One final observation. In Book Nine, there are numerous instances of “prophets,” like Hegistratus, making sacrifices – but these sacrifices are not just to propitiate some god, but to determine his or her will. I suppose this is a form of haruscipy – the examination of the entrails of an animal to see what the future holds – perhaps a replacement for augury, the practice of discerning the will of the gods by the flight patterns of birds (as Calchas does in Book One of the Iliad). So if you don’t have time to consult the Oracle at Delphi (or that of some other well-known shrine like Dodona), you can have a personal seer providing answers to immediate questions. I must say that the Greek faith in such customs is something that has always puzzled me about them, or at least serves as the strongest counter-example to the notion that they are “rational.” Of course, the Oracle isn’t stupid, and often gives ambiguous answers so that whatever happens, it’s always right. But why no one ever saw through this (at least, Herodotus gives no evidence of any skepticism either on his own part or the part of any of his subjects) is a mystery to me. I suppose we have to wait until the fourth century and the further development of Greek philosophy under Plato, Aristotle, and others, before we encounter doubt about Fate.

Color in Homer

An interesting article in Aeon magazine:

The sea was never blue

The Greek colour experience was made of movement and shimmer. Can we ever glimpse what they saw when gazing out to sea?

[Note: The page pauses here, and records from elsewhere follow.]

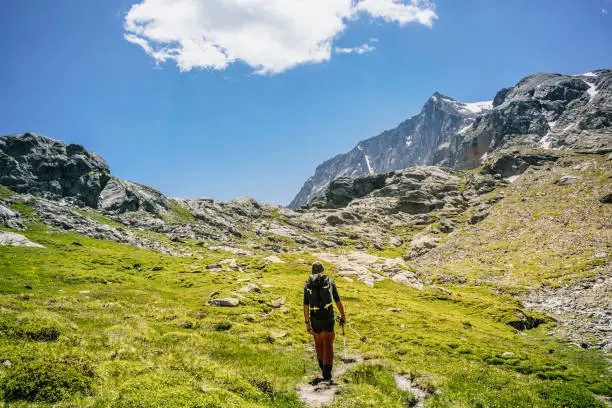 Hiker doing trekking along the high mountain path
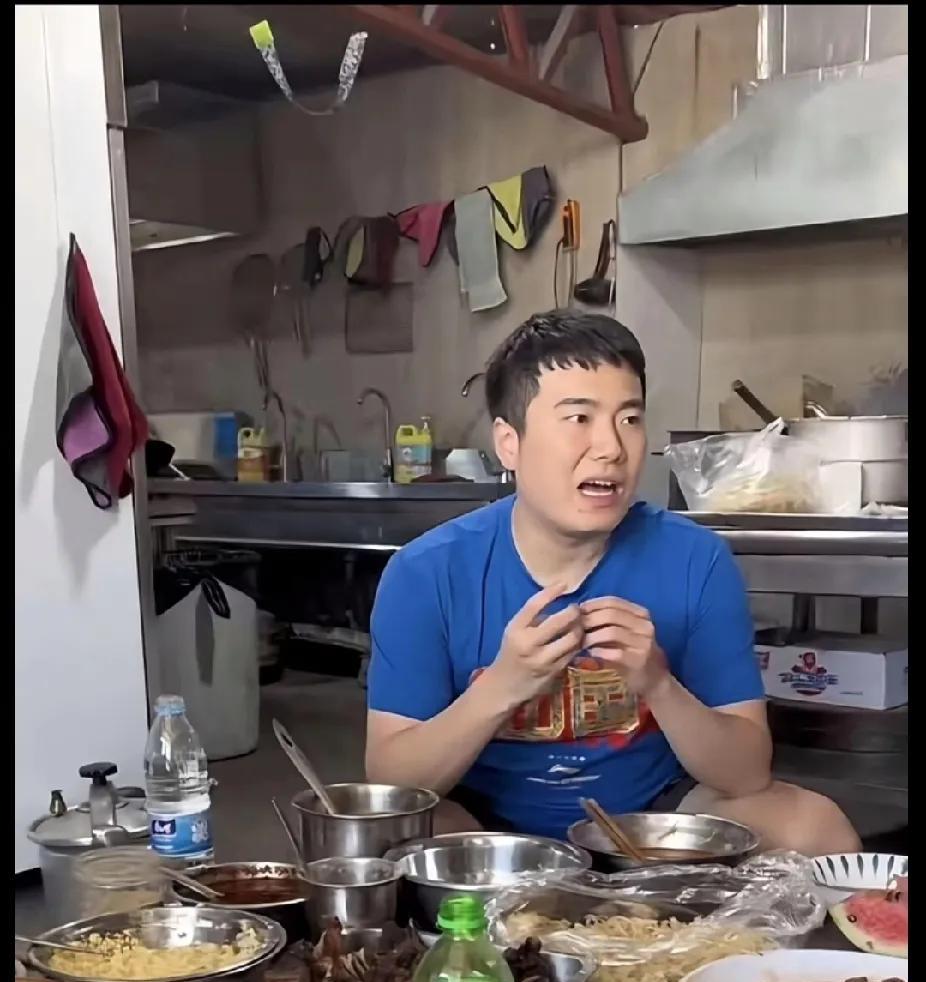 刷到梁靖崑在厨房干饭的画面，直接被这接地气劲儿戳中！桌上不锈钢盆摆满饭菜，杂乱又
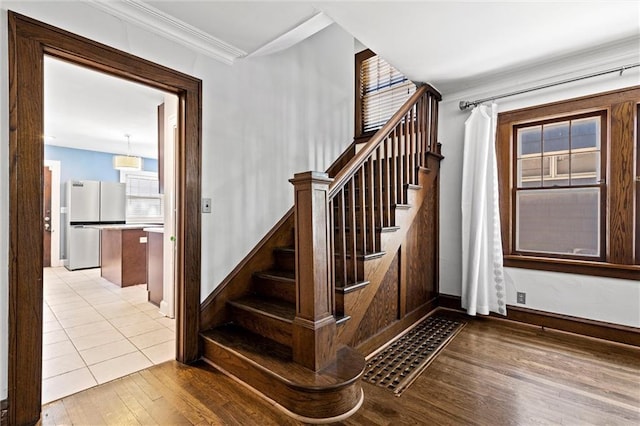 507 E 75th St, Kansas City, MO 64131 - staircase with baseboards, wood finished floors, and crown molding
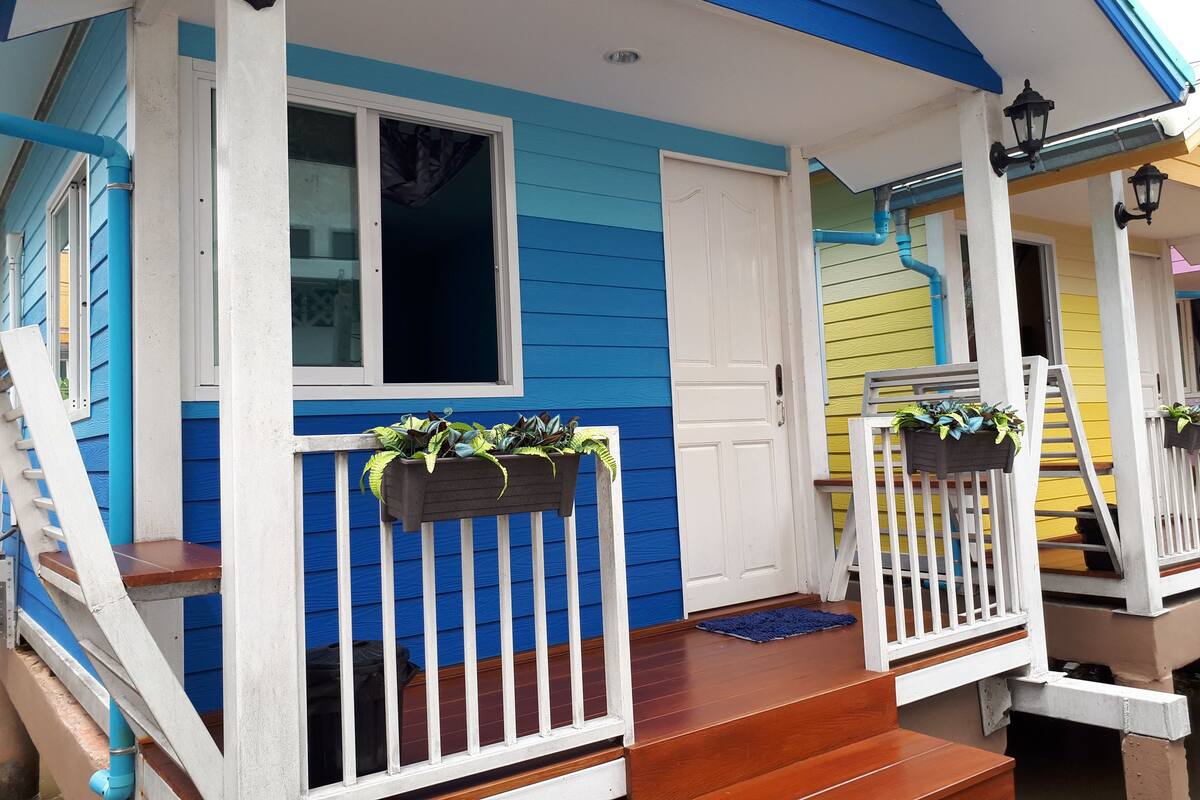Una casa azul y blanca con un porche, una puerta blanca y una ventana.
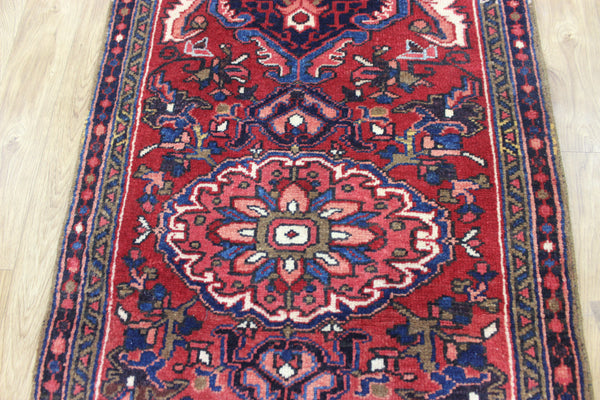 Persian Heriz runner of traditional medallion design 210 x 82 cm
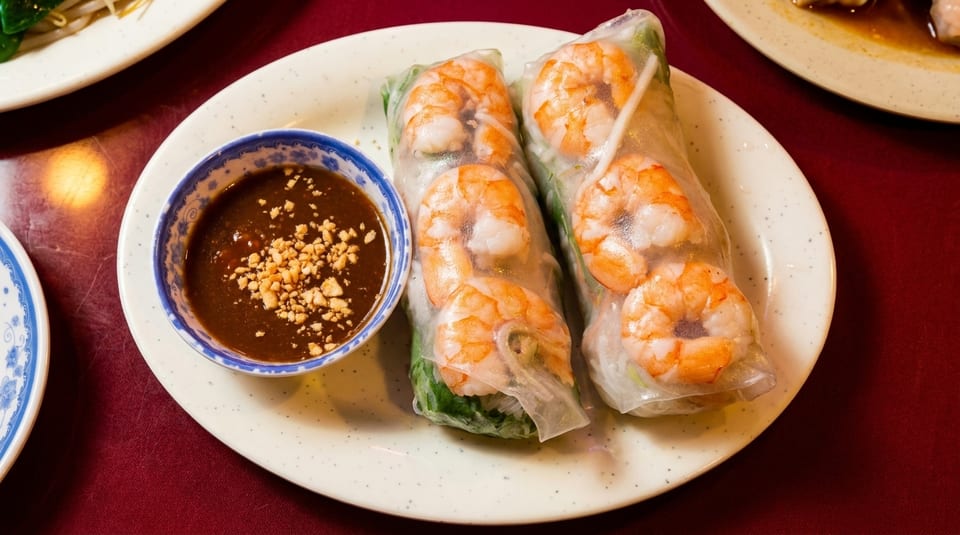 Two fresh spring rolls with shrimp and greens, served with a side of peanut sauce.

Homer used two adjectives to describe aspects of the colour blue: kuaneos, to denote a dark shade of blue merging into black; and glaukos, to describe a sort of ‘blue-grey’, notably used in Athena’s epithet glaukopis, her ‘grey-gleaming eyes’. He describes the sky as big, starry, or of iron or bronze (because of its solid fixity). The tints of a rough sea range from ‘whitish’ (polios) and ‘blue-grey’ (glaukos) to deep blue and almost black (kuaneosmelas). The sea in its calm expanse is said to be ‘pansy-like’ (ioeides), ‘wine-like’ (oinops), or purple (porphureos). But whether sea or sky, it is never just ‘blue’. In fact, within the entirety of ancient Greek literature you cannot find a single pure blue sea or sky.

Yellow, too, seems strangely absent from the Greek lexicon. The simple word xanthos covers the most various shades of yellow, from the shining blond hair of the gods, to amber, to the reddish blaze of fire. Chloros, since it’s related to chloe (grass), suggests the colour green but can also itself convey a vivid yellow, like honey.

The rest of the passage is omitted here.